Оставшись один, кардинал подумал с минуту и позвонил в третий раз.
– Тот же офицер явился.
– Приведите пленника, сказал кардинал.
Снова привели Бонасиё; по знаку кардинала офицер удалился.
– Вы меня обманули, строго сказал кардинал.
– Я! я обманул вашу эминенцию! сказал Бонасиё.
– Ваша жена ходила не к продавцам полотна в улицы Вожирар и Ля-Гарп.
– Боже праведный, к кому же она ходила?
– Она ходила к герцогине де-Шеврёз и герцогу Бокингему.
– Да, сказал Бонасиё, припоминая, – вы правы.
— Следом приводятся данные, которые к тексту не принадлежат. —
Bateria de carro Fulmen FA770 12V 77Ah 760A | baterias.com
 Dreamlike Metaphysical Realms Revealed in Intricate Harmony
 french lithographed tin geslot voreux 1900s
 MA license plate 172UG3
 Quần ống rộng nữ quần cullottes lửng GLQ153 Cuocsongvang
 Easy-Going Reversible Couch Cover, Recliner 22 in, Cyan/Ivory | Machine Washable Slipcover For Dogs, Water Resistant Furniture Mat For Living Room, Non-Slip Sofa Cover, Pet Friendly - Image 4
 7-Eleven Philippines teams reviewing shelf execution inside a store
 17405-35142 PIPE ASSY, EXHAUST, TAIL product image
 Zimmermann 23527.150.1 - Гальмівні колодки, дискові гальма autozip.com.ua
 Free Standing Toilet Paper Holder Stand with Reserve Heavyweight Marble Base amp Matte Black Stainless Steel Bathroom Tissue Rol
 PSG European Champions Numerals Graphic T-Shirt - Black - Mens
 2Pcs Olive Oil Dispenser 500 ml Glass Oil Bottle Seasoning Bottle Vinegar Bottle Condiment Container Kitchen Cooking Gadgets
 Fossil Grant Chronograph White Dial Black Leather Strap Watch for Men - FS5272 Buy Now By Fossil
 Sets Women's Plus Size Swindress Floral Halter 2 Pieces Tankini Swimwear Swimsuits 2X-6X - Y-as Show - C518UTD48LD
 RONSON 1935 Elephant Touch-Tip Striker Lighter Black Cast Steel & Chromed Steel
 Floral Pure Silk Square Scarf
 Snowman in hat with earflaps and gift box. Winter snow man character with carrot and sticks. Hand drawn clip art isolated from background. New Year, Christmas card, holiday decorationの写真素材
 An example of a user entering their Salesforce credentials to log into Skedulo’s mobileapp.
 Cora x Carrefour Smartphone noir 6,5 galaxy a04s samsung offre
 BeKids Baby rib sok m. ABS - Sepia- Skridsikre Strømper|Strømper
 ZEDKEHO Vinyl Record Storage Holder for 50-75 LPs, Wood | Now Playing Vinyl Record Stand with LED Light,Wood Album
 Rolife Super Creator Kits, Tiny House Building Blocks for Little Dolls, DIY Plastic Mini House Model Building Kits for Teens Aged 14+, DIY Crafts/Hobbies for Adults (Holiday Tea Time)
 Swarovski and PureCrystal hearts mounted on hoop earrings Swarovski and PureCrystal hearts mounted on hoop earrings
Я несколько раз говорил жене, что это удивительно, что продавцы полотна живут в таких домах, где нет и вывесок, и жена каждый раз смеялась. Ах! сказал Бонасиё, бросаясь к ногам кардинала, – вы действительно кардинал, великий кардинал, гениальный человек, которого все уважают.
Как ни ничтожно было торжество, одержанное над таким простым человеком, каков был Бонасиё, кардинал все-таки насладился им минуту; потом сейчас же, как будто в уме его промелькнула новая мысль, на губах его появилась улыбка и, протягивая руку лавочнику, он сказал:
– Встаньте, друг мой, вы честный малый.
– Кардинал дотронулся до моей руки! Я дотронулся до руки великого человека! вскричал Бонасиё. – Великий человек назвал меня своим другом!
– Да, друг мой, да! сказал кардинал отеческим тоном, который он иногда принимал, но которым он обманывал только тех, кто не знал его. – Так как вас подозревали напрасно, следовательно вам нужно удовлетворение, то возьмите этот кошелек, с сотнею пистолей, и извините меня.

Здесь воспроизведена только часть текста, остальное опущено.